(Finding) Happiness In Chains (Just For Cyclists)

Rusty bike chain

No, it wasn’t this bad. (Photo: Jonathan Ruchti)

A good, reasonable length ride criss-crossing the territory between Reading and Oxford, mainly in lanes and largely quiet – and with the added simple pleasure of a new chain making it all that much more smooth. Whatever you do for chain upkeep, you can never replicate the ‘feel’ of a brand new chain with just the factory lubricant on it, that’s never been rained-on and not yet picked up any grit and grime. If you’ve cleaned everything else thoroughly, I think it’s a real fillip. I’m not sure whether that means I’m ‘in tune’ with my bike or just a bit sad: that’s one for others to decide.

I’d changed just the chain on my ‘workhorse’ Bianchi Nerone the other day, without changing the cassette or chain rings. The chain I was taking off was just about showing 1% wear and I was prepared to have to change the rest of the drive-train too, but today’s ride confirmed what an earlier little test ride suggested: it was fine.

I keep a track of miles ridden and routes, but I don’t log bike maintenance – what part’s done what distance and so on. Perhaps I ought to, but there you go.
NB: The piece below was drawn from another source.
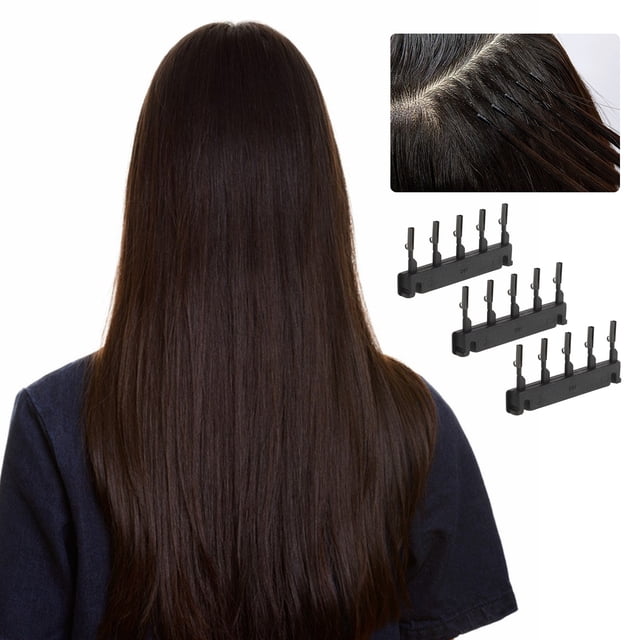 WRITWAA 40Ud Clips C Para Máquinas De Extensiones 6D Negro Para Fijación Segura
However, I’m pretty sure this is the second time I’ve put a new chain on the current set of chainrings, and that it’s the third chain for the cassette.

I’ve long suspected it but the lesson seems to be confirmed: if you keep an eye on the chain and change it regularly before it wears too much, you can save yourself a fair bit of money by not having to replace the rest at the same time.